- [Records to process]
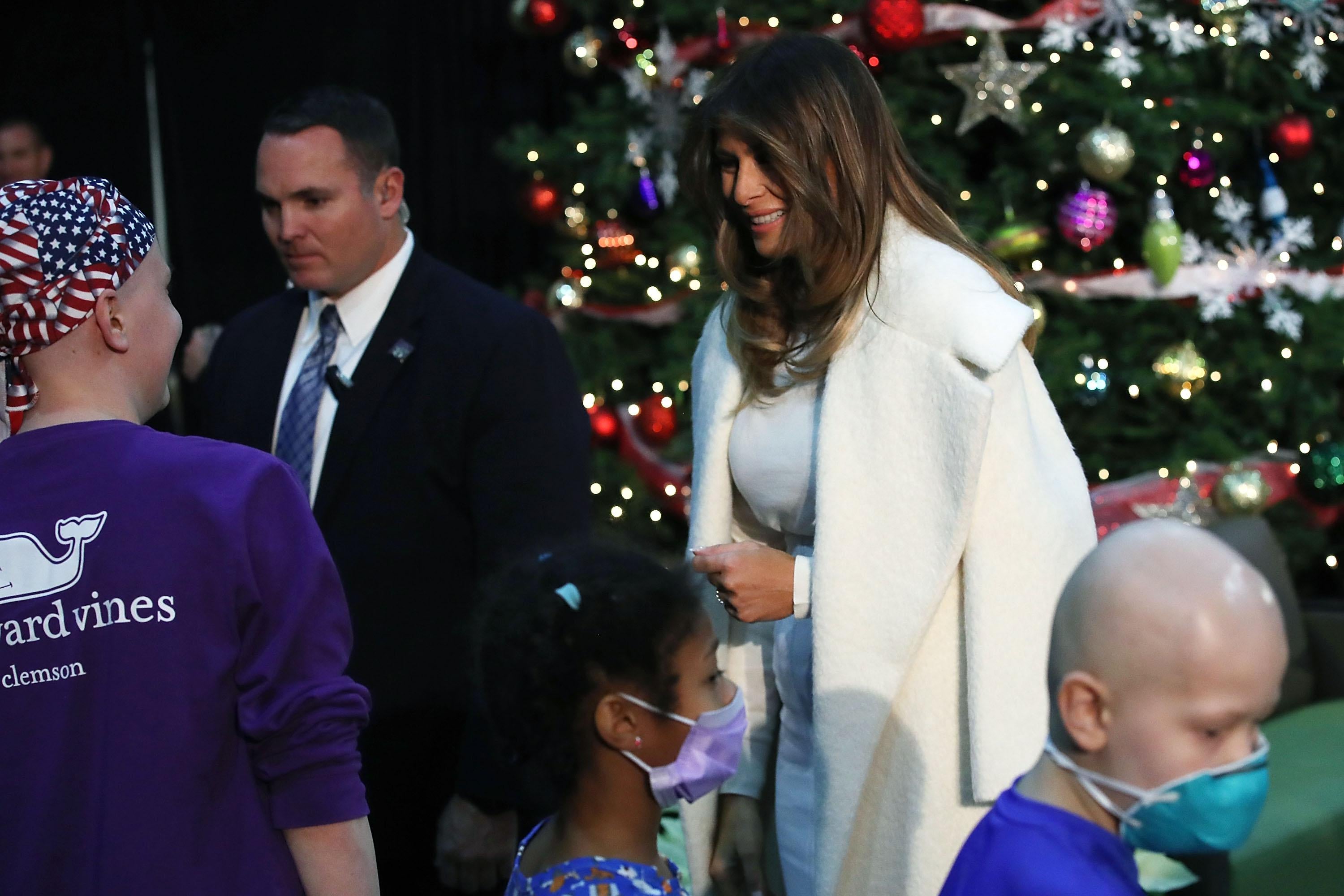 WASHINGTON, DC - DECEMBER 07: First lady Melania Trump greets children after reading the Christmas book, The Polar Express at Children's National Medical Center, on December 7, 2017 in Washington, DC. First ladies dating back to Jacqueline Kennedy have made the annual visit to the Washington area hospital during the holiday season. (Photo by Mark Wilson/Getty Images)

==

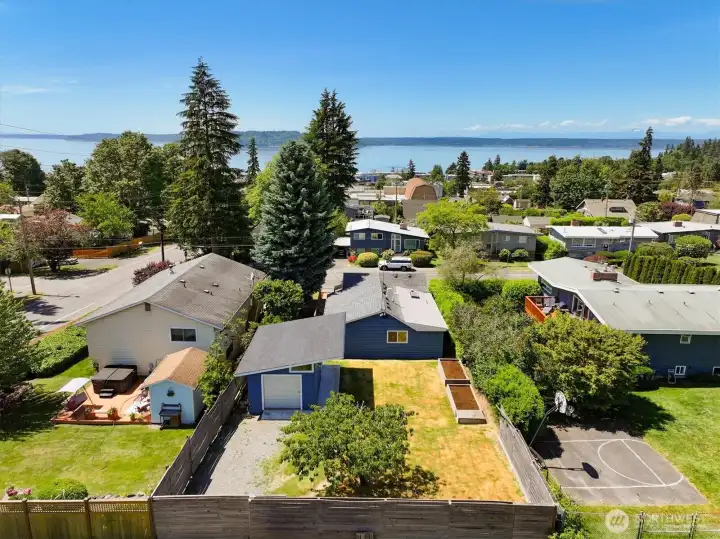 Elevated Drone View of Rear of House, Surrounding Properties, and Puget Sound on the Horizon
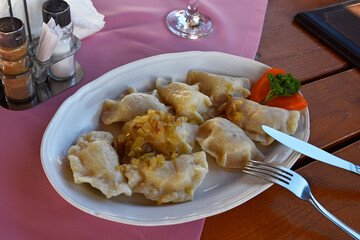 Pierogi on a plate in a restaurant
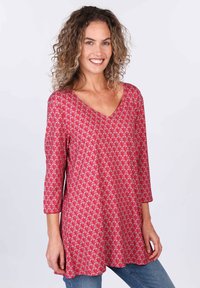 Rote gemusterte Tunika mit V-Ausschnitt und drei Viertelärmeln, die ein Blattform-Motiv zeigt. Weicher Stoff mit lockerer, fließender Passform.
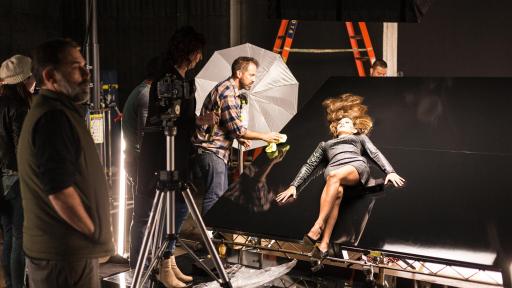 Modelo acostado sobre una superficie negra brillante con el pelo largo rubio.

- [The problem] From the listing above, repeat only the lines between the line containing "Rote gemusterte Tunika" and the line containing "Modelo acostado sobre", those two included. Pictures are not part of the copy.

- [The completed task]
 Rote gemusterte Tunika mit V-Ausschnitt und drei Viertelärmeln, die ein Blattform-Motiv zeigt. Weicher Stoff mit lockerer, fließender Passform.
 Modelo acostado sobre una superficie negra brillante con el pelo largo rubio.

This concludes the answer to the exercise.